Luisa’s mouth twisted, wry. ‘He’s going to see one of them,’ she said. ‘He thought I wasn’t listening, but I was. What if –?’
‘This Martine Kaufmann?’ said Giuli. ‘I was listening too. She’s in the Oltrarno, San Niccolo. You want me to check her out for you?’
Luisa looked embarrassed. ‘I’ve already googled her.’
‘Look,’ said Giuli, sighing. ‘You’re going to have to tell him eventually. That you’ve been up there. Apart from anything else, you could help him, you know? With the investigation, I mean – you’ve got chummy with the neighbours already.’
‘Or it might mess things up for him,’ said Luisa quietly. ‘He’s got to do this. A chance to work with Pietro again? To be rehabilitated by the force? And –’ She hesitated.
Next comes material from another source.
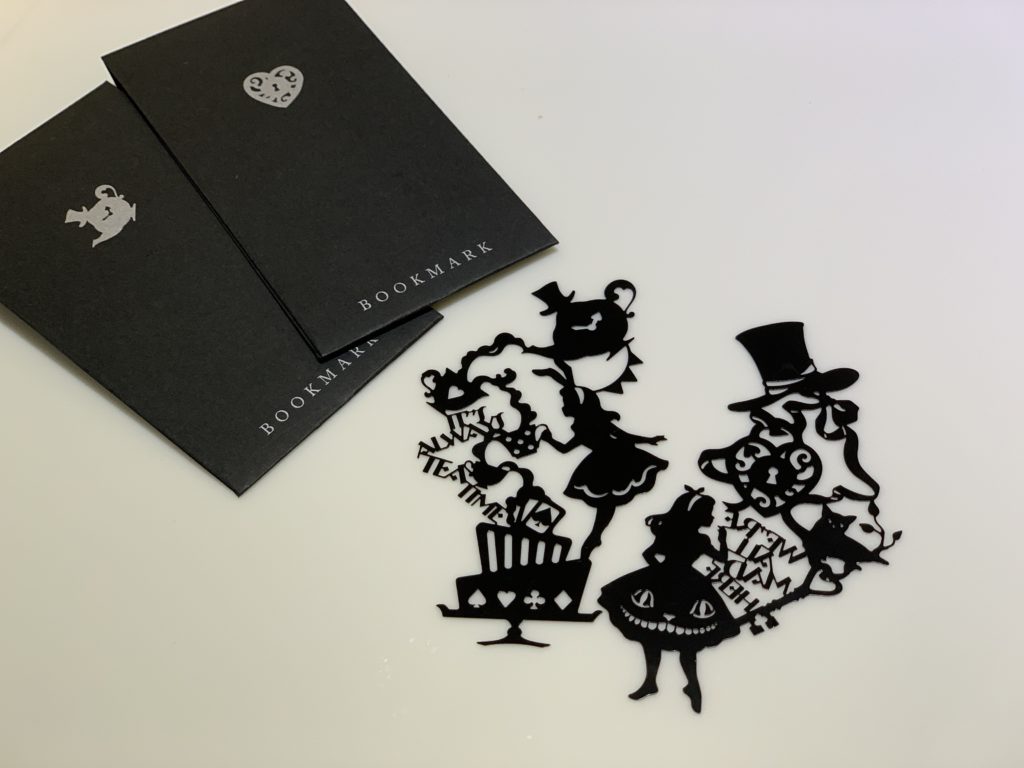 香港下午茶 香港Hightea 三層下午茶 酒店下午茶 打卡下午茶 閏蜜下午茶 中環下午茶 文華東方下午茶 快船廊下午茶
‘And it might help him exorcise some old demons along the way?’ supplied Giuli. ‘And what about when he sees your leg?’ She stopped, seeing Luisa pale again, seeing she’d undone all the good the brandy and the ham sandwich had done.
‘If Pietro thinks I’m involved he’ll get worried it’s all too personal,’ she said. ‘He might kick Sandro off the case again and that would be a disaster. You know what Sandro’s like.’
Giuli relented. ‘All right,’ she said. ‘All right, in your own time.’
There was a silence. The bar had emptied out: the lunch hour was over.
‘What surprises me,’ said Giuli, leaning forward across the tiny table, an attempt maybe to lighten the atmosphere, to rouse Luisa again, to rile her even, ‘is that you managed it. That she did walk away from Sandro.’ Leaning down to smile into Luisa’s face. ‘I mean, little Luisa against the high priestess, right?’
No spark, though, from Luisa, only something else, a stillness coming over her, but Giuli pushed on. ‘I mean,’ she said, ‘what did you say to get her to leave him alone?’
Luisa pulled her coat together, a hand at the neck.
‘I told her I’d kill her,’ she said.
*
Sandro walked along the cool dark length of the Via dei Bardi, away from the river. He liked this street, it was always silent.
The female cadaver was that of Johanna Nielsson.
Pietro had got a call as they walked away from the Via del Leone with confirmation that the chances – based on the DNA sample sent over from the Danish lab – that the body found in that hut in the woods was not Nielsson were infinitesimal.
He thought of her in that chair, her arms pinioned, plastic embedded in what was left of her flesh, sitting there in a long print dress, her hair loose. Stabbed in the lower abdomen, multiple times. All of those details felt to him absolutely significant. The man, the butcher – Lotti – had been killed carelessly, heedlessly: either he was incidental, or an afterthought, or simply despised. The murderer had known Johanna Nielsson well, had known her a long, long time.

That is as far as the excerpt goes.